In that vein: @ihurbain is working on the content postprocessing pipeline, and now there are more ways content gets "squashed" together than just Parsoid. In addition to subtrees containing extension content mediated by Parsoid, we also have @daniel's MCR mechanism with the combineOutput method of RenderedRevision that can result in output from several different sources being combined in the HTML tree ultimately run through post-processing.

My initial thought was that we'd label these inside the HTML with a <div> or <span> wrapper, as floated in comments on https://gerrit.wikimedia.org/r/c/mediawiki/services/parsoid/+/831077/ (Bikeshed alert):

typeof="mw:Raw" means Parsoid shouldn't touch it, except for subtrees marked mw:DOM; and typeof="mw:DOM" is applied to the root element in Parsoid's output and means parsoid /can/ touch it, apart from subtrees marked mw:Raw. That collapses the entire tunneling issue to "your tunneled HTML can't contain typeof="mw:DOM" but anything else is protected from parsoid".

Then extensions don't have to register an option, they just need to ensure that their top-level element has an appropriate typeof; and if they were just outputting something from parsoid it will have the typeof="mw:DOM" on the top-level element by default so they don't need to do anything special.

The if an MCR pass wants to protect its squashed ParserOutput content from Parsoid interference, all it has to do is slap a <div typeof="mw:Raw"> around it.

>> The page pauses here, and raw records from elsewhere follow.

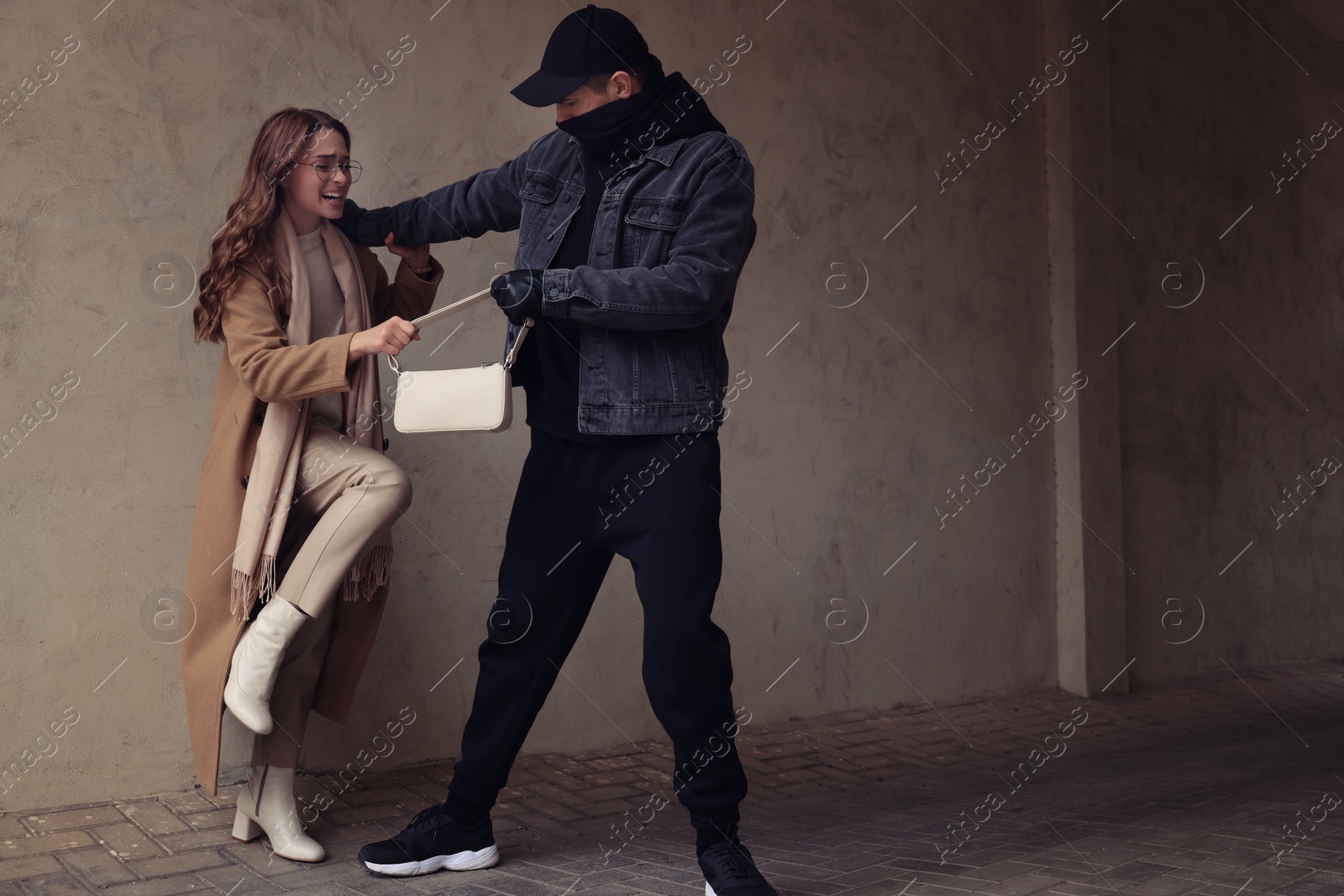 Photo of Woman fighting with thief while he trying to steal her bag outdoors, space for text. Self defense concept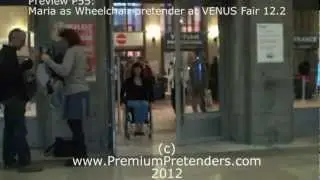 P55: Maria as wheelchair paraplegic pretender at VENUS fair 12.2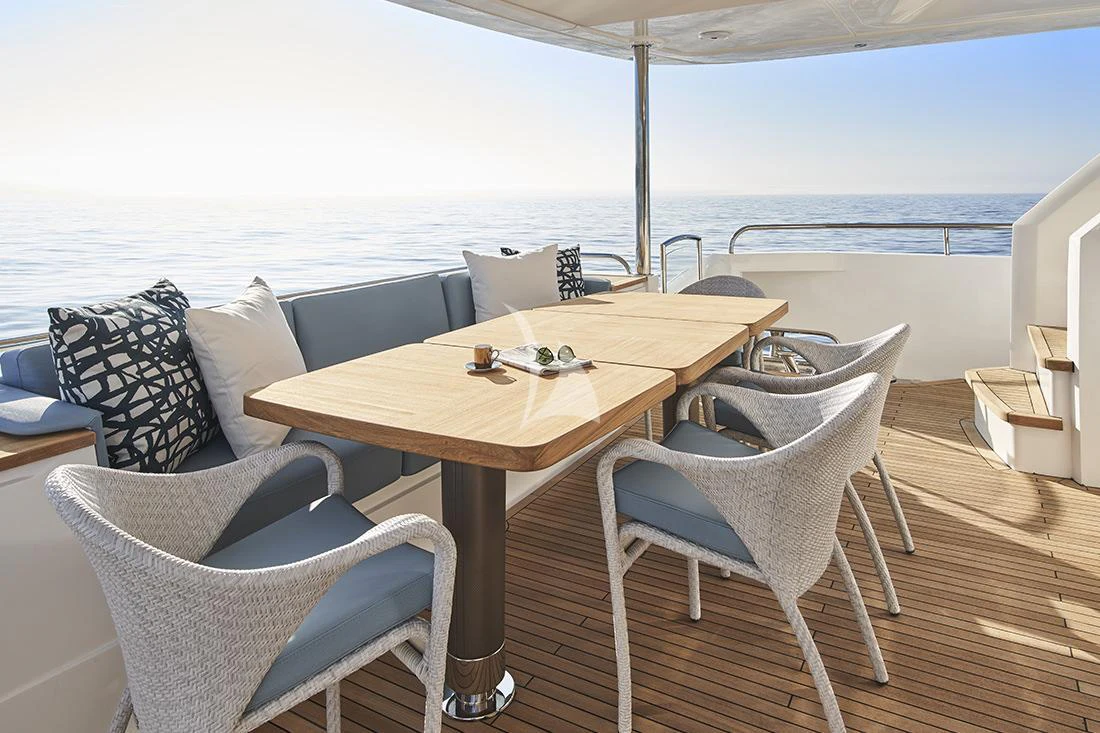a table with chairs on it aboard HALLELUJAH Yacht for Charter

That doesn't work great with the regexp-based postprocessors we currently have inherited from our legacy codebase; regexps aren't great at matching up <div..> and </div> appropriately. Perhaps markup inspired by @ihurbain's annotation markup is better, something like:

<meta typeof="start" data-id="random uuid">
 .... 
<meta typeof="end" data-id="random uuid">

so long as the UUIDs are distinct and matching, the regexp will always be able to match and skip the appropriate section.